> [GIVEN RECORDS]
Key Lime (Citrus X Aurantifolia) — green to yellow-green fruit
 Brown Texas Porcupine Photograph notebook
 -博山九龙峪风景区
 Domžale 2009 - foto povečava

* * *

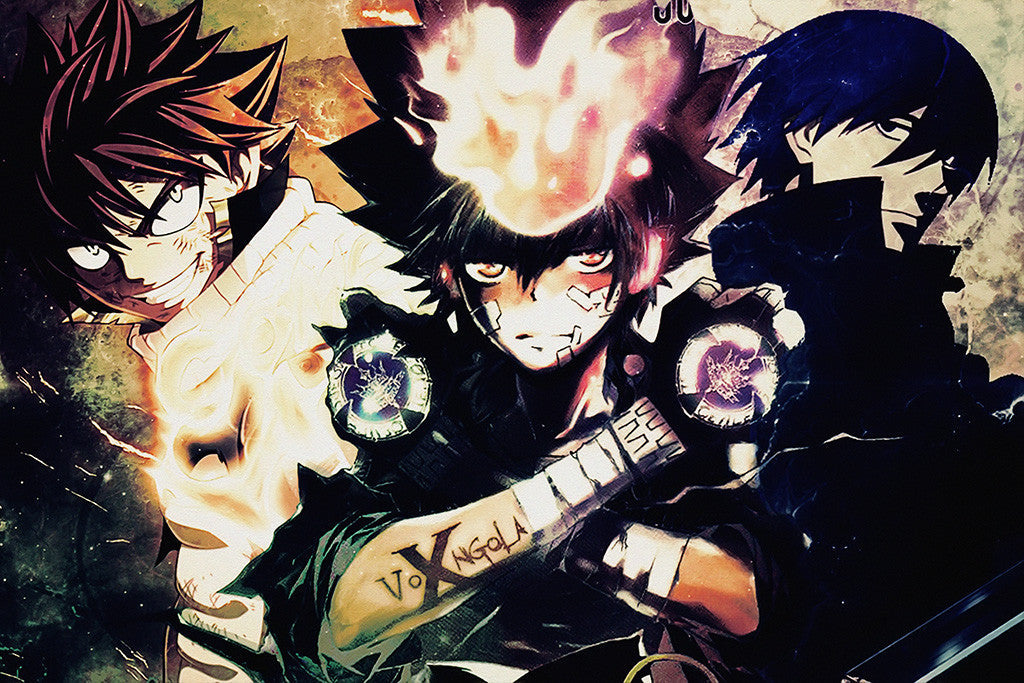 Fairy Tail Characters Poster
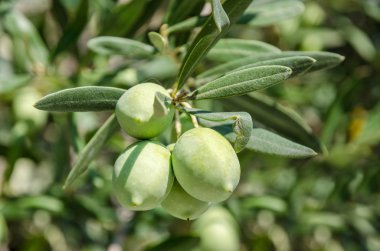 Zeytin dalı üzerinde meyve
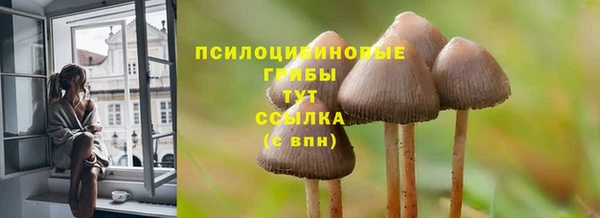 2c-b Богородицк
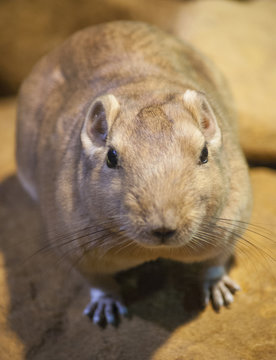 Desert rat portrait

> [TASK TO CARRY OUT]
Your answer should consist solely of the lines above from the line with "Brown Texas Porcupine Photograph notebook" to the line with "Domžale 2009 - foto povečava", both included, reproduced exactly.

> [RESULT OF THIS TASK]
 Brown Texas Porcupine Photograph notebook
 -博山九龙峪风景区
 Domžale 2009 - foto povečava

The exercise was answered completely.